THE ADMINISTRATORS of Quinn Insurance are believed to have received more than the 900 applications for voluntary redundancy that they were seeking from staff by yesterday’s 5pm deadline.
The administrators – Michael McAteer and Paul McCann of Grant Thornton – last night began processing the applications to see how many will qualify for the redundancy package that they put on the table.
A target number of redundancies has been set for each location from which Quinn Insurance operates.
In addition, targets have been set for each grade within the company. Not all of the applications will necessarily qualify for the redundancy package.
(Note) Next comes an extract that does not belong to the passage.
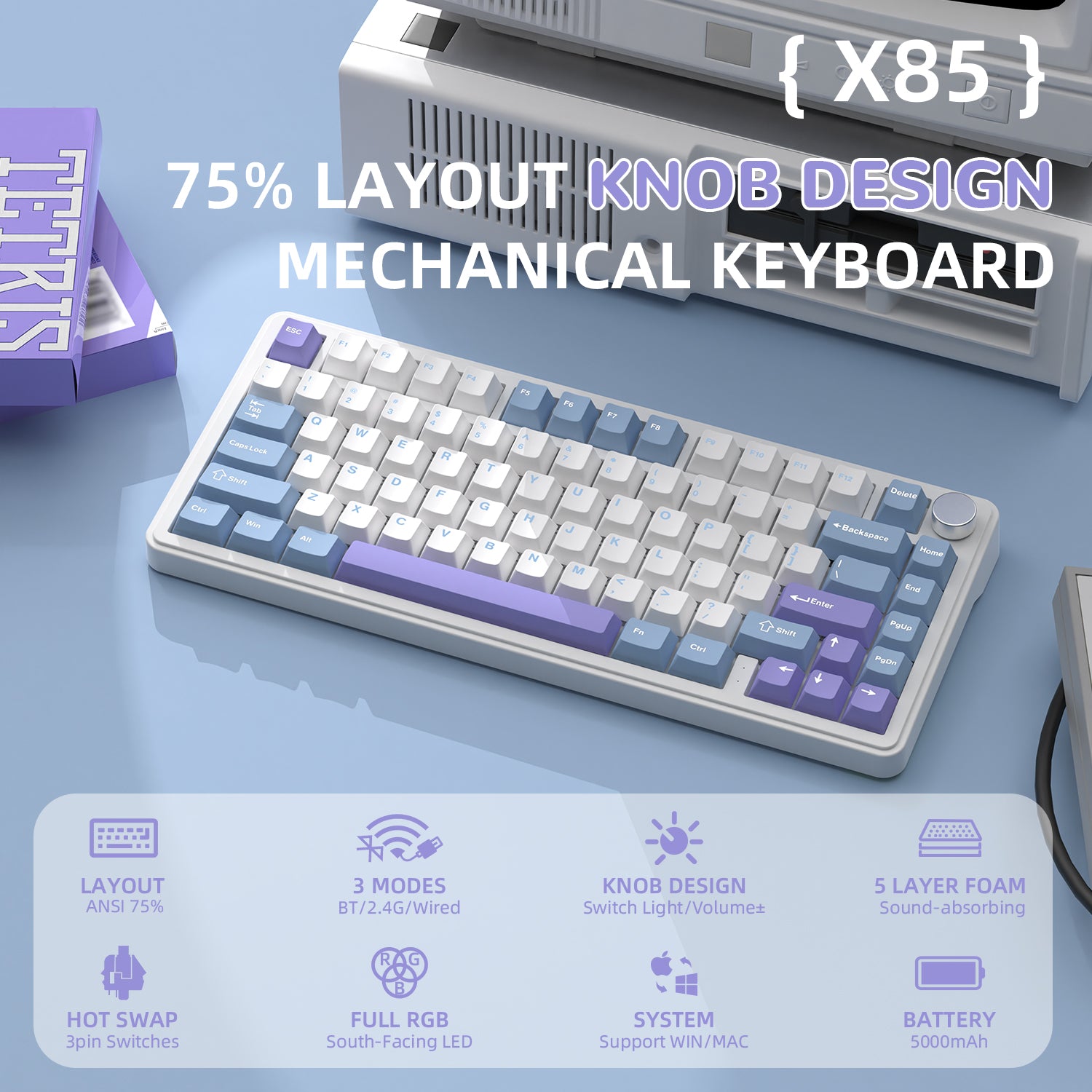 ATTACK SHARK X85 Wireless Mechanical Keyboard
It is only when the administrators have matched the number of applications to each grade and location that they will be able to determine if they have enough expressions of interest to avoid any compulsory lay-offs.
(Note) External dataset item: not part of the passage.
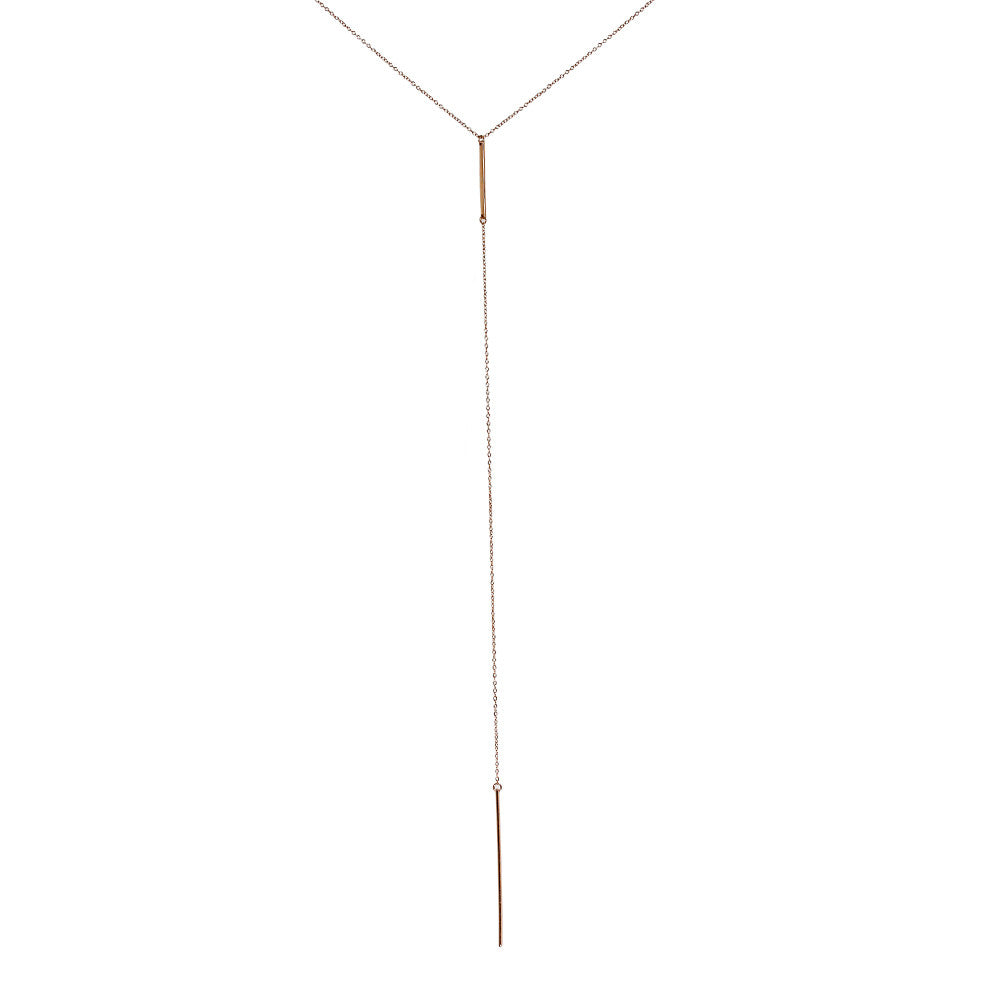 Rosy Bar Lariat Necklace 18 inch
On April 30th, the administrators announced their intention to make 900 staff redundant at Quinn Insurance to help restore the business to profitability.
This represented 37 per cent of the company’s 2,450-strong workforce. At the time of the announcement, they stated their desire for the redundancies to be voluntary rather than compulsory.
They said the job cuts would be implemented over a 15-month period up to mid-2011.
The job losses are targeted to achieve savings of €30 million annually.
The biggest hit will be felt at Quinn’s Blanchardstown office, where 301 redundancies are being sought. In Cavan, it is proposed to cut 226 positions, while 109 will go in Navan.
Four positions will be lost at Quinn’s office on O’Connell Street, Dublin, while 179 jobs will be cut at its Enniskillen branch.
In Derrylin, Co Fermanagh, 27 redundancies are proposed for its claims branch, and there will be 54 posts cut in Manchester and London.
Last week, Colin Morgan stepped down as chief executive of Quinn Insurance.
The Financial Regulator sought to have administrators appointed to Quinn Insurance on March 30th after the company failed to comply with solvency ratios.
The Quinn Group, which is run by the family of Seán Quinn, has since agreed to sell the business.
The administrators have received about 47 expressions of interest, including from Anglo Irish Bank, and US insurer Liberty Mutual.
In a report presented to the president of the High Court, Mr Justice Nicholas Kearns, last week the administrators said a review by auditors had found that Quinn Insurance had under-provided for liabilities by €68 million last year.
The court was told that the firm made a loss of €47 million in 2009.